The decline in fish size and numbers is attributed to pollution and to shore construction and beach erosion that add sediment to the sea, Wilson said.

John Grant, the state's development coordinator for the reefs, said he expects some opposition because of the bay's polluted waters. "I'm sure some will question whether we should be bringing more fish here," he said.

But at preliminary public meetings in Redondo Beach and Santa Monica, only about 25 people showed up and all were in favor of the project, Grant said.

The reefs will be sited in the least polluted section of the bay, Grant said. "And I feel strongly that the bay is cleaning up and I feel that the reef will be there a long, long time," he added.

Fish Should Stay Close

Grant said he expects fish to stay near the reefs and avoid the effects of pollution elsewhere in the bay.

The state must get permits from the California Coastal Commission and the Army Corps of Engineers for each project, Grant said. The contract for the outer reef was awarded pending approval of the permits, Grant said.

About 25 artificial reefs were placed off the California coast in the late 1950s and early 1960s, Wilson said.
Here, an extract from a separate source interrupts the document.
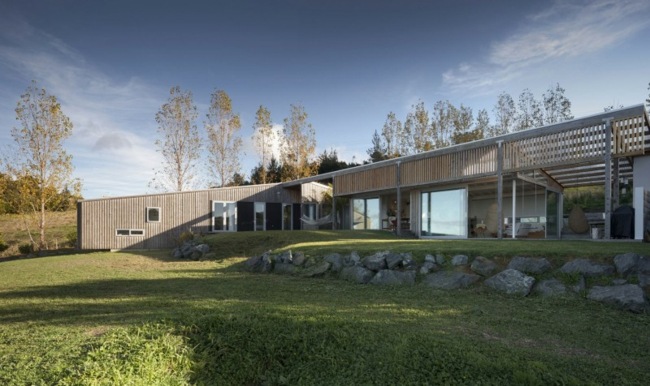 moderný dom novostavba svahu skalná záhrada Novostavba svahu záhradná pergola vonkajší priestor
Those efforts used old ships, automobiles, streetcars, tires and even toilet bowls for construction materials.

But the reefs deteriorated in the salt water or were displaced by ocean currents.

The state has renewed its interest in artificial reefs since 1980, when Southern California Edison subsidized state research to help mitigate effects of the San Onofre nuclear energy plant, Wilson said.

Experimental reefs of rock were built in 1984 off Marina del Rey and last year off San Diego and Oceanside. Another is planned near Santa Barbara.

The outer Santa Monica Bay reef will be the largest in the program, Wilson said.

Rock Sizes Will Vary

Its 48 piles of rock will be placed over about a square mile of ocean bottom. The piles will range from five feet to more than 10 feet in height. Rock sizes will vary from one to five feet in diameter. They will be placed at 45, 60 and 75 feet below the surface.

The state hopes that studies will show how to set up a reef to lure specific species of marine life. "We'll know, for example, that if we want scallops, we might put the reef in the middle depths and make it of medium-sized rocks," Wilson said.

The rocky reefs ought to last "indefinitely, as long as people don't disturb them by dragging anchors over them," said Ralph Larison, president of Connolly-Pacific Co., which holds a contract to build the Santa Monica outer reef and the Santa Barbara reef. "Natural rock has been the most successful because it's the most like the ocean bottom."

The reefs ought to start attracting fish from around the bay immediately, Larison said. In several years, the population should increase with fish born and fed on the reef, he added.

But Grant of the Fish and Game Department warned: "Even if the fishery stocks were equal to the very best we've had, we'll still have a shortage because Los Angeles keeps growing and there are so many more anglers out there."